La sorte peggiore che ci potesse toccare

Il campo dell'Armando Picchi di Livorno (Foto Novi)

Il campo dell'Armando Picchi di Livorno (Foto Novi)

Livorno, 24 marzo 2021 - In una situazione come questa è impossibile non cedere alla rabbia. Vedere il Livorno Calcio cadere così in disgrazia ci consegna a una sensazione di tristezza infinita. Siamo con le mani in alto, dietro alla nuca, faccia al muro, senza poter far nulla per sottrarci all'esecuzione. Si è detto e scritto di tutto, da un paio di anni a questa parte. Piu' dolori che gioie, piu' lacrime che sorrisi. Ma avevamo sempre sperato che a un certo punto la ruota tornasse a girare per il verso giusto e ci riportasse almeno a distanza di sicurezza dalle porte dell'inferno calcistico. Invece no. In questi ultimi mesi abbiamo vissuto l'agonia di un suicidio assistito. Il calcio è come la vita: se sai affrontarlo ti salvi, altrimenti sei fuori dal gioco. Devi spendere, per vivere. Devi investire, devi far girare i soldi, devi essere parte attiva del mercato, devi rischiare di brutto, se occorre. Solo così, sgomitando ma costruendo, anche con qualche scivolone, puoi restare nel calcio che conta. Altrimenti sei fuori. Sei fuori perché non servi a un paradiso in cui non si può stare a dispetto dei santi.

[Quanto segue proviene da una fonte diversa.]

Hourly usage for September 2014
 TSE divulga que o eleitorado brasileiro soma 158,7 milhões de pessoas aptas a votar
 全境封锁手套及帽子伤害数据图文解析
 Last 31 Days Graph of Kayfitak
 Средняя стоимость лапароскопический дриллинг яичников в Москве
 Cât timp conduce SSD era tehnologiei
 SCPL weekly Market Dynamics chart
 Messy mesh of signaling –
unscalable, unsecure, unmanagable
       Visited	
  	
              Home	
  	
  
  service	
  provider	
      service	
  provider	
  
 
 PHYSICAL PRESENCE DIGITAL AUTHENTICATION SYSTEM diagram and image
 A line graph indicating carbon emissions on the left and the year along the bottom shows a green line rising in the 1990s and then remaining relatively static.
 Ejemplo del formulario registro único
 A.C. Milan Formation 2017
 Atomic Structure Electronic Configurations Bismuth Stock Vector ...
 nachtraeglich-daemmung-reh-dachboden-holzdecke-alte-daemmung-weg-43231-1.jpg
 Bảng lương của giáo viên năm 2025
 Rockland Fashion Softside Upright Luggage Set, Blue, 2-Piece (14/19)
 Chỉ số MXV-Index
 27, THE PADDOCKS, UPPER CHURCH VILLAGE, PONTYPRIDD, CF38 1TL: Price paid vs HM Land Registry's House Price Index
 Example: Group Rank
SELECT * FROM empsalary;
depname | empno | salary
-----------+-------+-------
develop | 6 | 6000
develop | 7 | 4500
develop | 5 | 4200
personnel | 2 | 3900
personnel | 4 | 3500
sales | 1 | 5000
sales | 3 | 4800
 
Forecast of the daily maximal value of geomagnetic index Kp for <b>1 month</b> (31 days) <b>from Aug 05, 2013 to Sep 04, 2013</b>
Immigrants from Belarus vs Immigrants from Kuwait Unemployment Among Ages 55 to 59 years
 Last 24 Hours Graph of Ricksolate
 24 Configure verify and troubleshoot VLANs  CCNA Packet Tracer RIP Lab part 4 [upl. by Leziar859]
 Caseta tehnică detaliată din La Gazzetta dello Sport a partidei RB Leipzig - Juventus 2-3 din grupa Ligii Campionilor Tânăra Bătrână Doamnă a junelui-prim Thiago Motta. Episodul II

Disse una volta De Laurentiis, il presidente del Napoli: "Spinelli, se vuoi stare nel calcio che conta non puoi fare la questua tutti gli anni". Non fu un signore, certo, ma disse una verità. Tutti noi abbiamo sempre sognato di vedere il Livorno in Champions League, ma non lo abbiamo mai chiesto, non lo abbiamo mai preteso. Ci sarebbe bastato stare almeno su un'altalena dignitosa fra la Serie B e la Serie A. Guardate l'Empoli, per esempio: dopo un po' di purgatorio torna sempre a riveder le stelle. Noi invece ci siamo visti strappare dalle mani tutto per colpa di gestioni sciagurate e allucinanti. Qualcuno aveva promesso che ci avrebbe lasciati in mani sicure, invece ci ritroviamo in una selva di pugni, ceffoni e debiti. Con giocatori che sono scappati perché non venivano pagati, con dipendenti lavoratori che non hanno ricevuto lo stipendio, con tabellini impietosi fatti di ragazzi presi in fretta e furia dalla Primavera e sbattuti anzitempo in campo chiedendo loro di dimostrare subito di essere Garrincha. Ma via! 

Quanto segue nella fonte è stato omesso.